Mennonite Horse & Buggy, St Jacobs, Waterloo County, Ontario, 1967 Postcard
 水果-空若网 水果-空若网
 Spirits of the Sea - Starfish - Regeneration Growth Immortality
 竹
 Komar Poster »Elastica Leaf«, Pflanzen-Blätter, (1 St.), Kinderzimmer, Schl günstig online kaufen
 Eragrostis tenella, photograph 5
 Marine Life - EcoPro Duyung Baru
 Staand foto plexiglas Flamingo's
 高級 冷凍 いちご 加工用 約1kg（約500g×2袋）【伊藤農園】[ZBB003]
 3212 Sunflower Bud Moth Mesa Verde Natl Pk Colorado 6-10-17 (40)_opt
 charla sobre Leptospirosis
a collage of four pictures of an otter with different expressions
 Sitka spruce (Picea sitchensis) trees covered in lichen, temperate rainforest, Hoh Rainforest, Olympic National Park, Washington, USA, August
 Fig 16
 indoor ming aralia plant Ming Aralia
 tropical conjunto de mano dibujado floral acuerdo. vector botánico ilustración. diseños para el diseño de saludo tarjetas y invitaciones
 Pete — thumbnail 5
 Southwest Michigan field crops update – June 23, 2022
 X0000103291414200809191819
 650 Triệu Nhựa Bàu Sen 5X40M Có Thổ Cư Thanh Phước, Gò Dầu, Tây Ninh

+ + + +

Directions:
Give an exact copy of the lines from the one with "indoor ming aralia plant Ming Aralia" through the end of the entries, both ends included.

Reply:
 indoor ming aralia plant Ming Aralia
 tropical conjunto de mano dibujado floral acuerdo. vector botánico ilustración. diseños para el diseño de saludo tarjetas y invitaciones
 Pete — thumbnail 5
 Southwest Michigan field crops update – June 23, 2022
 X0000103291414200809191819
 650 Triệu Nhựa Bàu Sen 5X40M Có Thổ Cư Thanh Phước, Gò Dầu, Tây Ninh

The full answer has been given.